* Problem *
The printed result should hold only the lines from the opening of the data through the line bearing "Stewed pork spare", exactly as given and without pictures.

* Data shown *
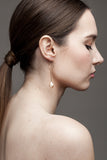Earrings made of 24K gold plated brass and pink freshwater pearl.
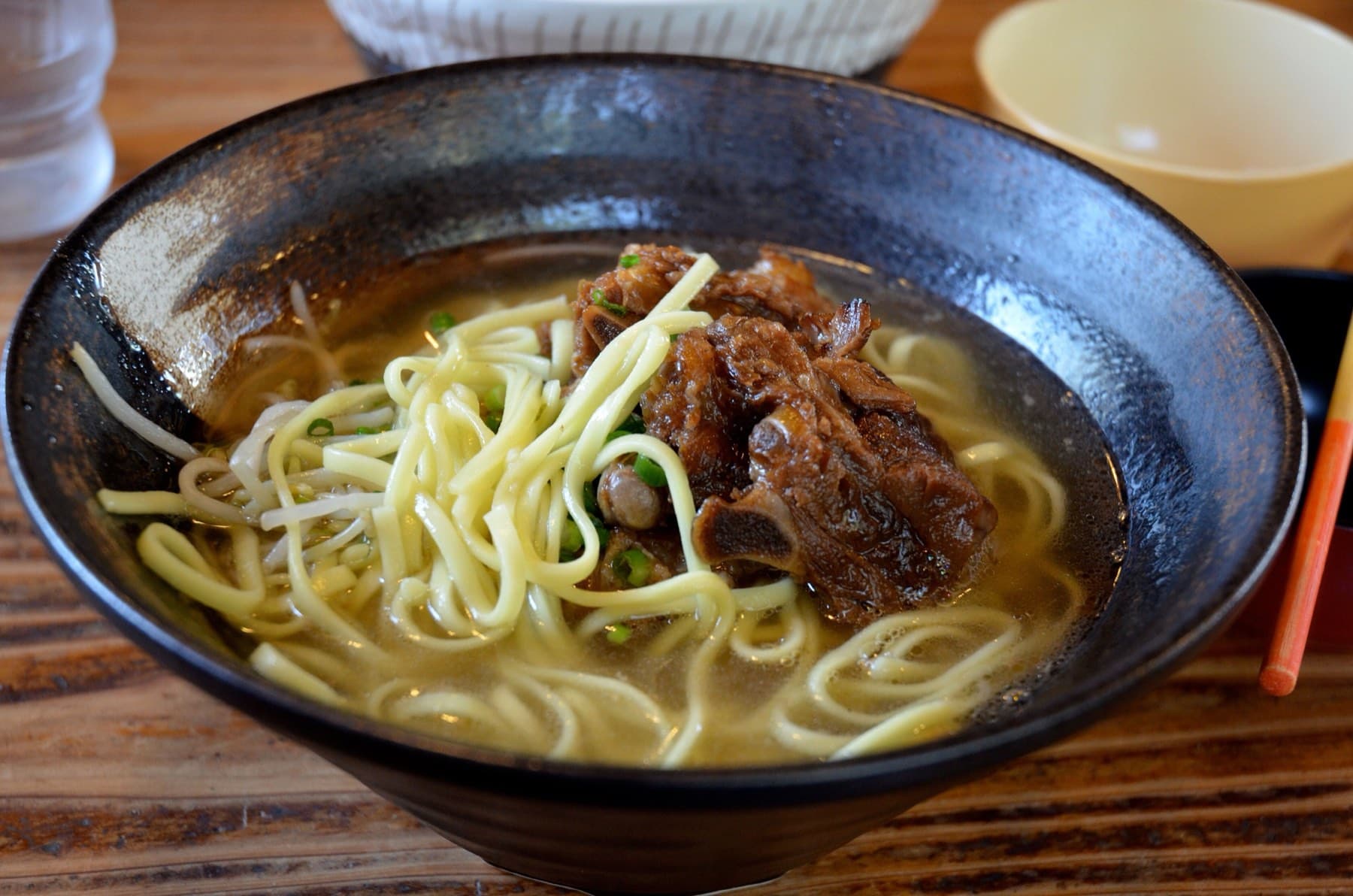 Stewed pork spare ribs and round yellow noodles fill a dark glazed bowl of clear broth on a wooden table at Takenoko on Taketomi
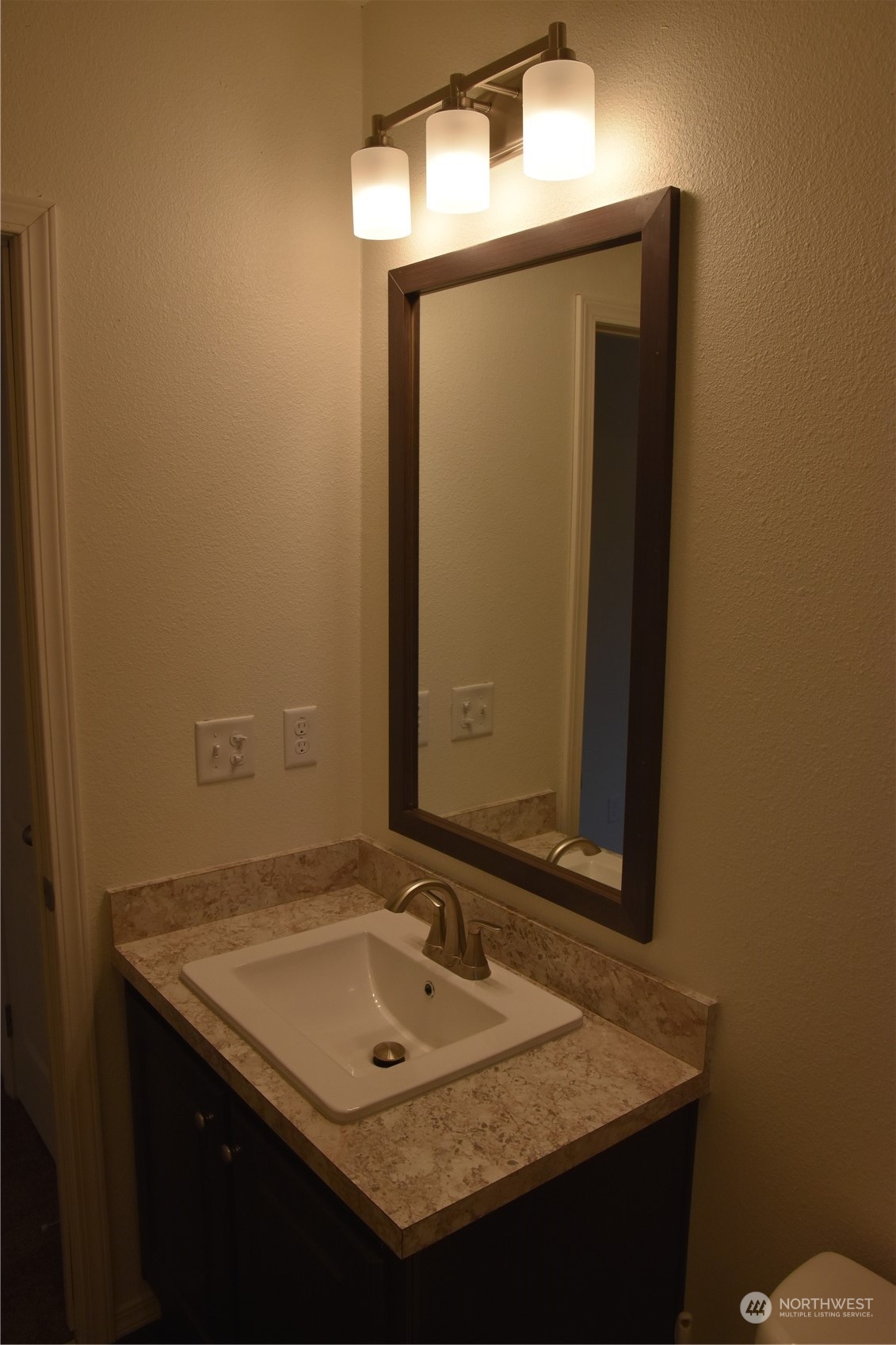 4322 Ocean Beach Highway Longview, WA 98632 - Photo 15 of 19 a bathroom with a granite countertop sink and a mirror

* Task solution *
Earrings made of 24K gold plated brass and pink freshwater pearl.
 Stewed pork spare ribs and round yellow noodles fill a dark glazed bowl of clear broth on a wooden table at Takenoko on Taketomi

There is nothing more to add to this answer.